11 Replies Latest reply on Dec 6, 2017 10:47 PM by blackwall

    Where's the procedure of packing network protocol header in RoCE v2?

    blackwall

      Hi, lately I began to study the driver's source code of MLNX_OFED_LINUX-4.0-2.0.0.1-rhel7.3-x86_64.

      When  proceeding to the Network protocol stack, I met some problem,hoping for some guide from friends in the community.

      Please let me show the question:

        Now I'm using verbs api(black line at the below pic 2) and familiar with all its procedure(reading source code and mannual) but the abstract layer below it is not familiar.

        So I want to know:

      How is the RoCE v2 packing udp and ip header into the packet?(uh..I'm meaning where it's done,because I haven't found relevant code about it,but do have some clue,seeing below).And I'm not sure if this procudure is done by this driver or by system network stack.Somebody know it?Very pleasure to learn from you!

      1.source code from MLNX_OFED_LINUX-4.0-2.0.0.1-rhel7.3-x86_64/MLNX_OFED_SRC-4.0-2.0.0.1/SRPMS/libmlx5-1.2.1mlnx1/src/mlx5.c:

          

          

      2.some explanation of RoCEv2

      RoCE+Protocol+Stack.jpg

      3. RoCEv2 packet format

      RoCE+frame+Format.png

        • Re: Where's the procedure of packing network protocol header in RoCE v2?
          licq

          IP and UDP headers are encapsulated by hardware.

          Each QP has its own context. After QP is created, software set the attributes of the QP context by ibv_modify_qp. These attributes are used by hardware to encapsulate the headers.

          1 of 1 people found this helpful
            • Re: Where's the procedure of packing network protocol header in RoCE v2?
              blackwall

              Thanks for helping.

              Following your indication,I locate the prototype of ibv_modify_qp in kernel layer and it do set some attributes of the QP context and encapsulate the udp sport into the path attributes of QP

              but there are some extra questions that confuse me.May I ask you for advices?

              About how to select src udp port for qp,because the documents say when using Reliable Connection RDMA (RC) the Source UDP port is scrambled per QP.

              But actually,it seems not so clearly for "scramble".

              I did a simple expriment to verify the theory.

              exp 1.create 1 qp to transfer data,capture the network packets.

              exp 2.create 10 qp to transfer data,capture the network packets.

              exp 3.create 100 qp to transfer data,capture the network packets.

              Result:

              exp 1:all packets have the same src udp port.

              exp 2:all packets have the same src udp port.

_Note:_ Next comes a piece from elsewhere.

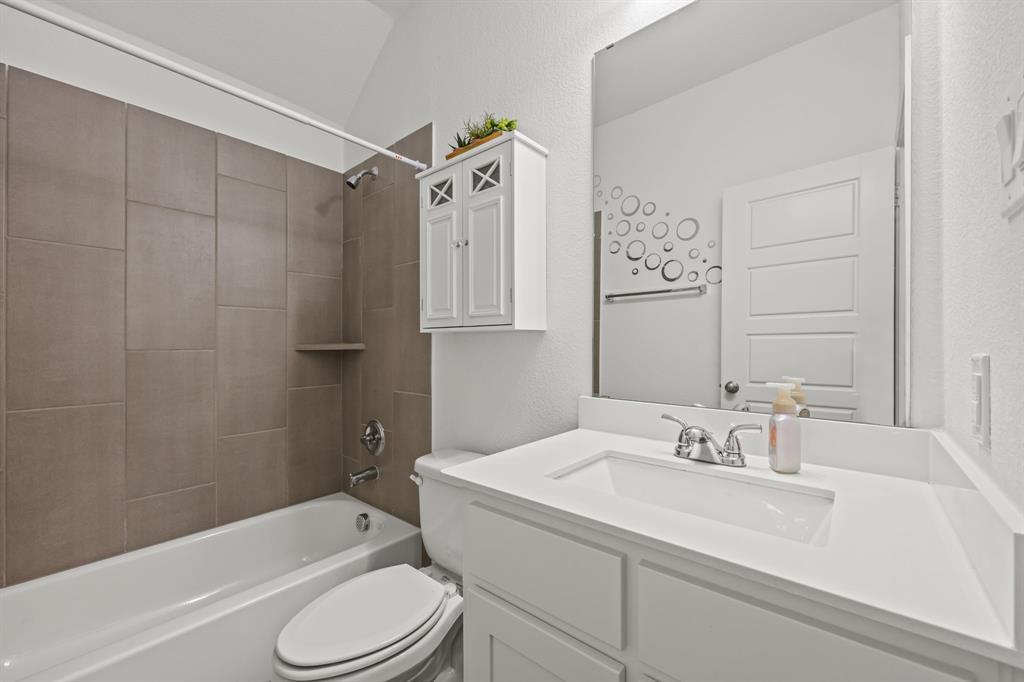 Prairie Oaks - Residential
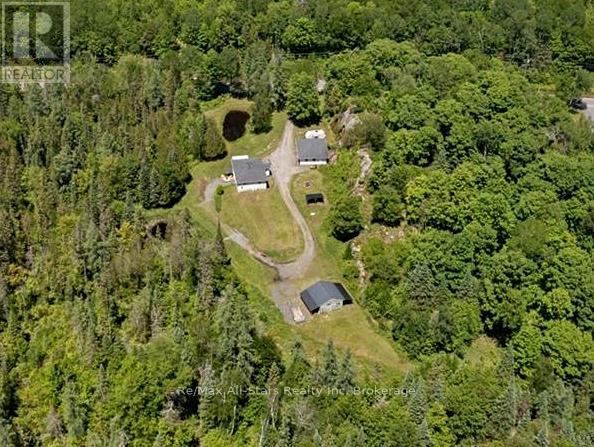 410 Etwell Road, Huntsville, Ontario  P1H 2J2 - Photo 3 - X12086430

              exp 3:There exist 3 src udp port.

              Guess:RoCEv2 load balance influences the port selection.

              Questions:How port selection is done?

              The following ref is I got from the driver source code,it shows the procedure of setting attributes of qp.

              The setting udp src port procedure is a hint-like method(I feel it).It really arrests me.Thanks for taking time to view.

              深度截图_选择区域_20170731134037.png 

              深度截图_选择区域_20170731134108.png

              深度截图_选择区域_20170731133948.png

              深度截图_选择区域_20170731133757.png

              深度截图_选择区域_20170731134325.png深度截图_选择区域_20170731133549.png

              深度截图_选择区域_20170731134539.png

              深度截图_选择区域_20170731134616.png

                • Re: Where's the procedure of packing network protocol header in RoCE v2?
                  licq

                  There was a bug when driver/firmware generate UDP source port. Could you please try the latest mlnx_ofed-4.1?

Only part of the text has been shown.